The $1.6 trillion tech group has projected that capital expenditures could reach as high as $130 billion in 2026, much of it earmarked for AI-focused data centers and computing infrastructure. At the same time, Meta has sought to recruit elite AI researchers and engineers with compensation packages reportedly worth tens — and in some cases hundreds — of millions of dollars annually.

While investing heavily in growth areas, the company has also moved to contain costs elsewhere to reassure investors concerned about the pace of spending and the lack of near-term returns. In January, Meta cut approximately 1,500 roles in its loss-making metaverse division, signaling a shift in priorities as AI becomes central to its strategy.

Equity awards form a key part of employee pay at Meta, alongside base salaries and annual cash bonuses. The company typically adjusts equity allocations in line with broader industry trends, while aiming to remain among the highest-paying employers in its local markets. This year, however, many employees learned they would receive around 5 percent less in equity “refreshers,” though the precise reduction varies depending on role and performance level.

At the same time, Meta is overhauling its performance review system. According to people familiar with the changes, the company plans to channel a greater share of its compensation budget toward top performers. As a result, overall compensation spending has risen, despite the broad-based reduction in equity grants. The changes were first reported by Business Insider.

Meta declined to comment on the adjustments.

The compensation shift has sparked discussion among employees on Blind, the anonymous workplace forum popular in the tech industry. Some expressed frustration at the latest reduction. “Another reduction. I guess that’s what I get for trying!

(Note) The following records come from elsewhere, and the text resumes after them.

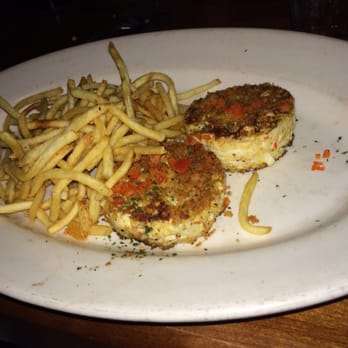 J. Alexander's - Crab cakes - New American Near Me - Palm Beach Gardens, Florida J. Alexander's - Crab cakes - New American Near Me - Palm Beach Gardens, Florida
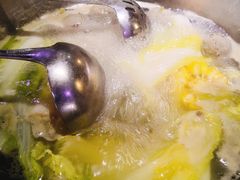 -八方客汕头火锅·牛肉·卤水(福保店)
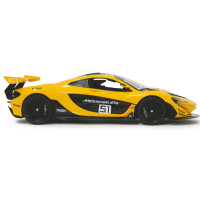 McLaren P1 GTR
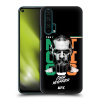Obal na mobil HONOR 20 PRO - HEAD CASE - Conor McGregor UFC zápasník (Pouzdro, kryt pro mobil HONOR 20 PRO DUAL SIM - The Notorious - Conor McGregor)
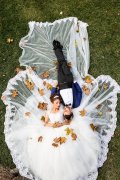 <b>婚礼策划与定制</b>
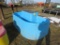 Blue Fountain Waterer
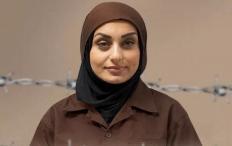 من المقرر الإفراج عنها غدًا.. الأسيرة دانا جودة من نابلس تضع مولودتها داخل سجون الاحتلال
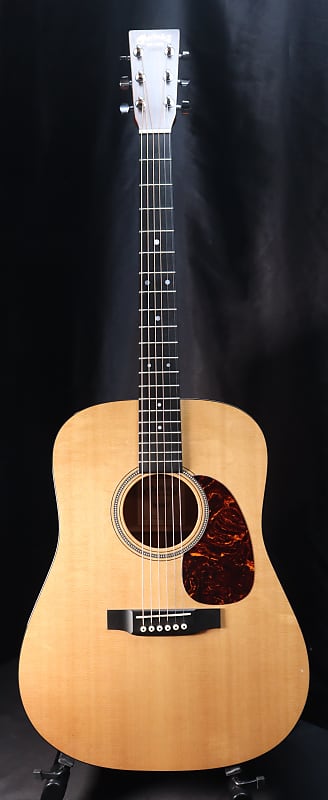 Martin D-16GT 1999 - 2018 | Reverb Canada
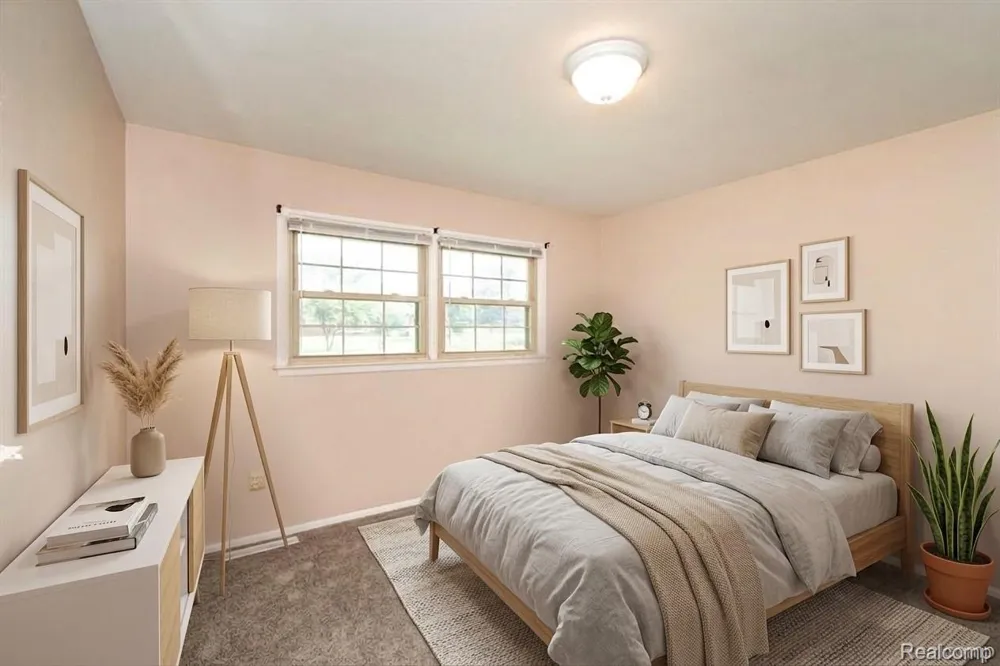 1239 Ashover Drive Bloomfield Charter Township, MI 48304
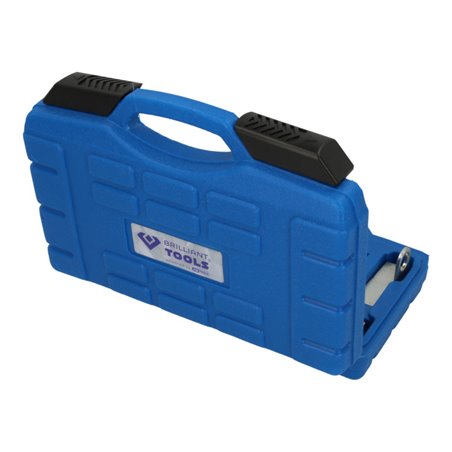 Sprintus Wischset Mopphalter, Alu-Teleskopstiel, Mopp Mikrofaser weiß B500xL1450mm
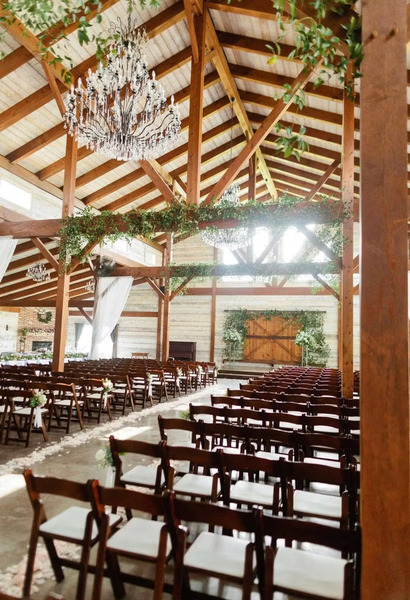 Eberley Brooks Events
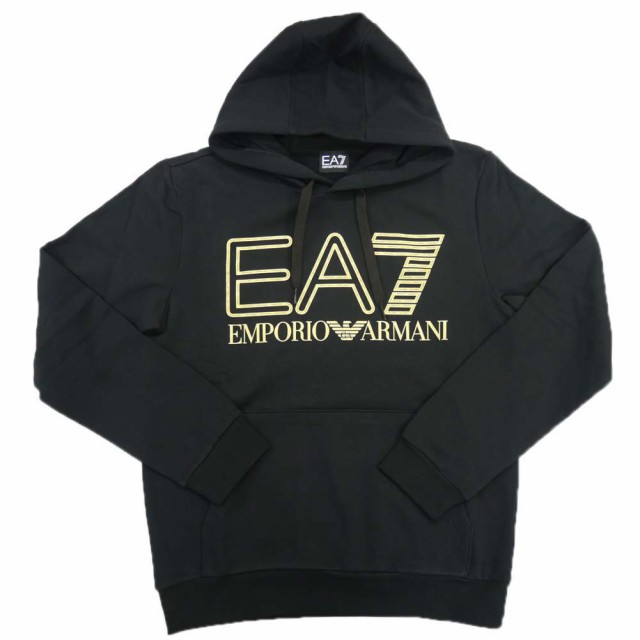 25％OFF！】EMPORIO ARMANI エンポリオアルマーニ EA7 メンズプル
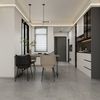 Керамогранит NT Ceramic Riverstone в интерьере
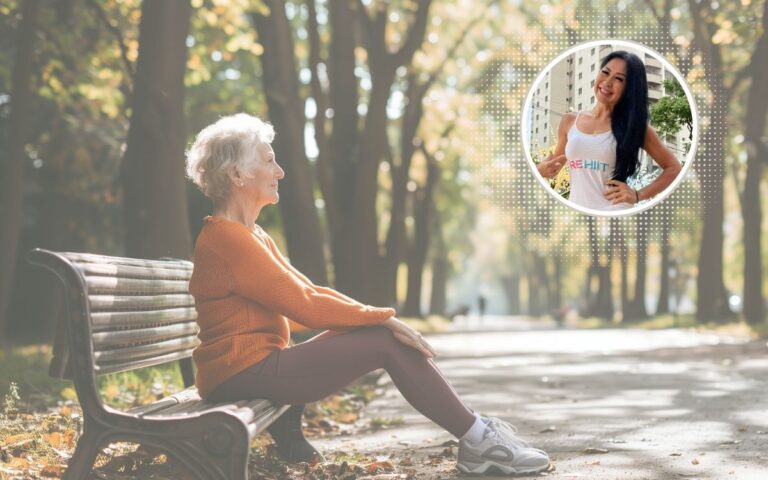 Especialista ensina 10 exercícios simples para evitar dores e rigidez no envelhecimento 2 alongamento e mobilidade articular.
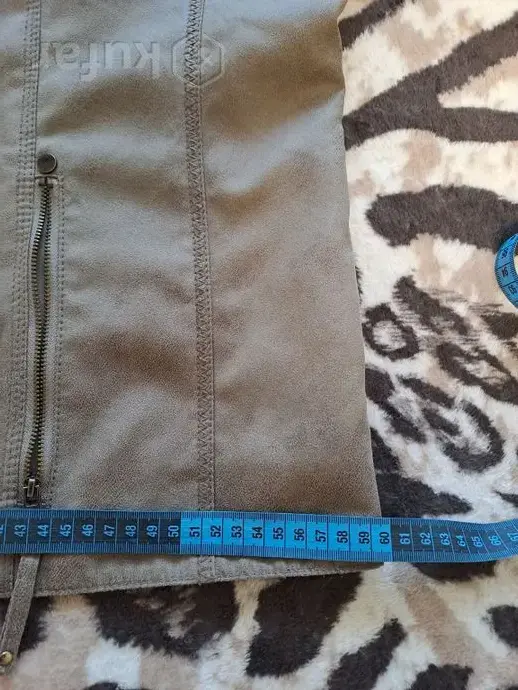 Куртка р.52-54 (сост.новой) - Вся Беларусь - 240091 - Доска объявлений Kupika.by - Фото 6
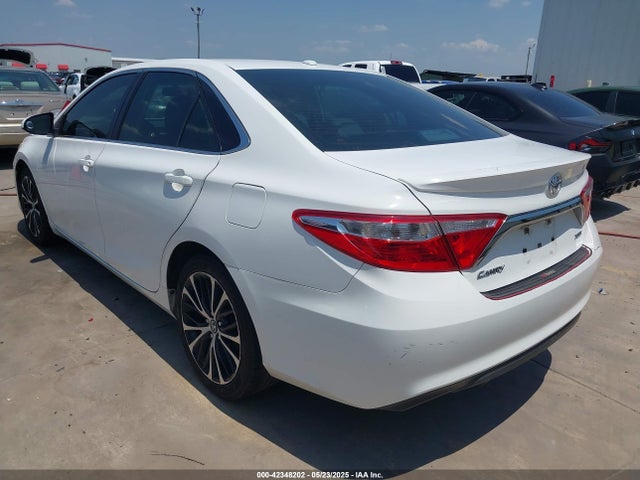 4T1BF1FK4FU493894 Toyota 2ar-fe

Bye Meta!” one user wrote, while another responded, “Cutting my work hours 5%.”

Yet others noted that departures may remain limited, given ongoing uncertainty in the technology job market and the fact that Meta’s total compensation packages remain highly competitive by industry standards.

As Zuckerberg doubles down on artificial intelligence, the company appears to be recalibrating how it rewards its workforce — tightening broad-based equity grants while concentrating resources on elite AI hires and infrastructure critical to its long-term ambitions.